Die Supraleitung, insbesondere jene bei hohen Temperaturen, gibt nur peu à peu ihre Geheimnisse preis. Vielleicht hilft ein Blick auf das Material, wenn das Phänomen gerade nicht auftritt.
Elektronenwelle
Seit fast einem Jahrhundert sind Materialien bekannt, die unterhalb einer bestimmten Temperatur, der Übergangs- oder Sprungtemperatur, ihren elektrischen Widerstand verlieren. Es dauerte ein wenig, aber schließlich präsentierten John Bardeen, Leon Cooper und John Schrieffer im Jahr 1957 eine Theorie, die das Phänomen der Supraleitung vollständig erklären konnte und heute zu Ehren ihrer Schöpfer deren Initialen trägt.

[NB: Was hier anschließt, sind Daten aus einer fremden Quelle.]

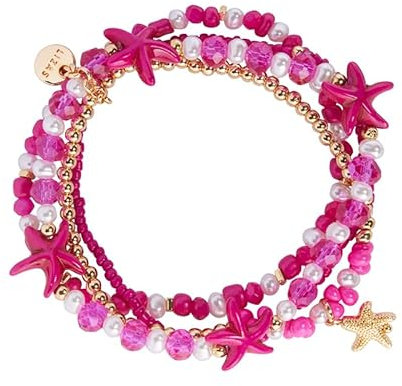 Lizas Armband vierreihig mit Seesternen in verschiedenen Farben Zugband (pink/gold)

Wer gedacht hat, damit sei das Kapitel Supraleitung in der Physik abgehakt, wurde 1986 eines Besseren belehrt, als Johannes Georg Bednorz und Karl Alex Müller das Phänomen an einer neuen Materialklasse, den Cupraten, nachweisen konnten. Diese keramischen Kupferoxide besitzen zum Teil eine sehr hohe Sprungtemperatur jenseits von 77 Kelvin, dem Siedepunkt von flüssigem Stickstoff. Da sich dieses Gas im Vergleich zu Helium leichter aus der Luft gewinnen und einfacher verflüssigen lässt, hat die Entdeckung große technische Bedeutung. Allerdings einen Wermutstropfen mussten Physiker schlucken: Die bislang so bewährte Theorie konnte das Phänomen der Hochtemperatur-Supraleitung nicht erklären.

Bis heute basteln Wissenschaftler also an einer neuen erweiterten Theorie – doch ein vollständiges Bild will sich noch nicht abzeichnen. Vielleicht helfen Ergebnisse, die nun Michael Vershinin und seine Kollegen von der University of Illinois im amerikanischen Urbana publizierten. Dabei schauten sich die Physiker gar nicht so genau den supraleitenden Zustand ihrer keramischen Kupferoxidverbindung an, sondern sie heizten noch etwas über diesen Punkt hinaus und warfen dann mit einem Rastertunnelmikroskop einen Blick auf das Material.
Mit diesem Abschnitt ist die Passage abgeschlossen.